For the first time in two decades, Pele has a genuine challenger to his crown of Greatest Ever Player. In the form of Lionel Messi and Cristiano Ronaldo, the three-time World Cup winner is confronting an enormous threat against an accolade which has belonged to him for the best part of half a century.
A little under two years ago, the scorer of over 1,000 professional goals claimed Neymar—then of Santos—was better than the Barcelona and Argentina forward.
His comments drew little agreement. At the time, Neymar was another wonderkid off the Brazilian production line, built up as the next big thing to emerge from this corner of the world.
Of course, potential does not always translate to stardom. Think Kerlon, or, more recently, the travails of Paulo Henrique Ganso.
Messi, meanwhile, has gone on to become the first player in history to win the World Player of the Year award on four occasions. And he did it in consecutive seasons no less.
He has waltzed clear of the 232-goals record set by former Barcelona great Cesar Rodriguez. It really does seem that the world is there for the taking for the adopted Catalan, whilst Pele's comments appear a thinly veiled escape from fact.
But who would come out on top between the Brazilian and Barcelona's current darling?
Comparing players from different eras is always a tricky ask. Any conclusions reached are subjective and the best that can be achieved is an assumption based on the evidence laid before us.
There are however several theories pertaining to the argument that Pele remains untouched by either Lionel Messi or his own rival for the title of the world's current best, Cristiano Ronaldo.
Football is thought to have been a tougher game during the 1950s and 1960s, when Pele played the majority of his career. Teams were more evenly balanced, both on the pitch as well as in the account books, meaning contests could begin on a more even keel.

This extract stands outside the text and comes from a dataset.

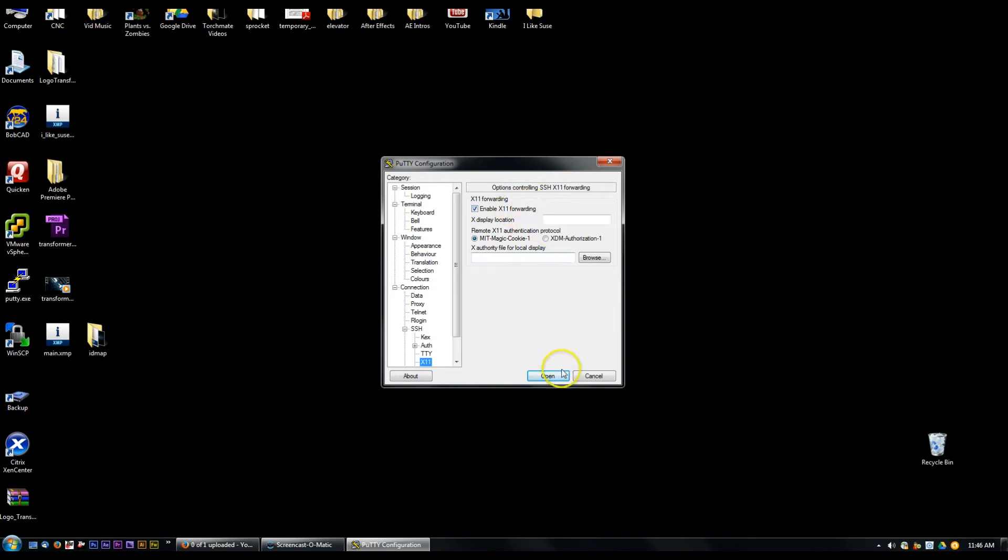That's the first step and this is assuming that you have SSH and X11 forwarding set up on a server which on SUSE is going to be the default.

Advances in sporting equipment have supposedly made the game easier, notably in relation to the ball. Nowadays balls are far lighter, making them considerably easier to head.
To ease the burden further, the extra swerve one can inflict on the ball makes a goalkeeper's job that much harder.
The introduction of yellow and red cards, which only came into mainstream use during the 1970 World Cup, have made the life of a skilful goal threat more comfortable. During Pele's era, a defender could unleash his frustration on an opponent's shins without fear of serious retribution.
Then there is the argument of titles won. Pele won three World Cups, in 1958, 1962 and 1970, although his participation in 1962 was minimal after collecting an injury in the first game that ruled him out of the rest of the tournament.
Neither Lionel Messi nor Cristiano Ronaldo have yet lifted the greatest prize in the game.
There are arguments against Pele too. The physical side of the sport and the preparation that goes into each game have reached levels of incredible intensity.
One only has to look at the way in which Cristiano Ronaldo's body has developed since the gangly teenager that arrived at Old Trafford in 2003. The Real Madrid player now boasts a physique not dissimilar to Johnny Bravo.
Pele was part of a golden generation in Brazil. His team-mates included Nilton Santos, Didi, Garrincha and Jairzinho, all of whom could be considered some of the best players of the era. A player's job becomes easier when surrounded by world-class talent, even if said player is the most gifted to decorate the record books.
Simply stripped to bare numbers, Pele is an outright winner. In his first 350 games as a professional, he scored an incredible 448 goals at an average of 1.28 goals per game.
There remains the old adage that Pele spent the majority of his career playing in a Sao Paulo state championship as opposed to a national league. But his goals are spread across the Rio-Sao Paulo tournament, Copa Libertadores and international fixtures, including significant roles in two World Cup triumphs, something no other player can lay claim to.
Pele announced himself to the world with a hat-trick as a 17-year-old in the 1958 World Cup final. He subsequently led the charge of arguably the greatest team the planet has ever seen, Brazil's 1970 world-dominating side.
For Messi and Ronaldo, their careers are far from over as they remain locked in skirmishes both domestic and global. But they, for all their wonders, remain behind the man deified by close to 200 million people, who redefined the game like no other past or present.
The striker who remains royalty long after Brazil became a republic. The man known as “The King.”